BEGIN DATASET EXCERPTS
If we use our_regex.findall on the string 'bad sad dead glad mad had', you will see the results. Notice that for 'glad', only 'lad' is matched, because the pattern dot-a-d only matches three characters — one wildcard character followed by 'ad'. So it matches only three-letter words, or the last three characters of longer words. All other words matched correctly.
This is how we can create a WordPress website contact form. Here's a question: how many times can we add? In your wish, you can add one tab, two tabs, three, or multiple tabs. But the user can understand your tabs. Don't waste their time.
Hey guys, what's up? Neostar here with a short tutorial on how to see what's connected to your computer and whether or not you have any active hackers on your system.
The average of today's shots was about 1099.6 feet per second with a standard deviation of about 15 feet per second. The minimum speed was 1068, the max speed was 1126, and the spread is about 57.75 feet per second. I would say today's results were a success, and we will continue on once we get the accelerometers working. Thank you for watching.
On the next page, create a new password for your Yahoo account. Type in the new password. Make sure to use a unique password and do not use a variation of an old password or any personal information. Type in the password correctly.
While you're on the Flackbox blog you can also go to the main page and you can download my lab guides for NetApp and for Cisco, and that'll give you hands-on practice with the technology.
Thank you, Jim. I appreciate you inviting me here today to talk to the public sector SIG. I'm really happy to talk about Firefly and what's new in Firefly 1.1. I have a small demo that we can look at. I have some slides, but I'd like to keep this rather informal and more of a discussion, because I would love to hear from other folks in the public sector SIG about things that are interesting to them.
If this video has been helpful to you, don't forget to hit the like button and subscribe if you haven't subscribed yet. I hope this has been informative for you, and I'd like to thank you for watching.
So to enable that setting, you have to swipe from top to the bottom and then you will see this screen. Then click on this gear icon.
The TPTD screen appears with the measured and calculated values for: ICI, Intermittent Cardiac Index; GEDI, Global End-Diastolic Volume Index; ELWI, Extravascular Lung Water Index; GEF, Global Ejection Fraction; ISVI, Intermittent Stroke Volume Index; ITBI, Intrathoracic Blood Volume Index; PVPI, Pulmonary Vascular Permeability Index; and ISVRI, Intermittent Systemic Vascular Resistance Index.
END DATASET EXCERPTS
● TASK DETAILS:
Working from the data above, extract solely the lines from the one containing "On the next" through the one containing "Thank you, Jim.", exactly as they appear, both included.

● REPLY:
On the next page, create a new password for your Yahoo account. Type in the new password. Make sure to use a unique password and do not use a variation of an old password or any personal information. Type in the password correctly.
While you're on the Flackbox blog you can also go to the main page and you can download my lab guides for NetApp and for Cisco, and that'll give you hands-on practice with the technology.
Thank you, Jim. I appreciate you inviting me here today to talk to the public sector SIG. I'm really happy to talk about Firefly and what's new in Firefly 1.1. I have a small demo that we can look at. I have some slides, but I'd like to keep this rather informal and more of a discussion, because I would love to hear from other folks in the public sector SIG about things that are interesting to them.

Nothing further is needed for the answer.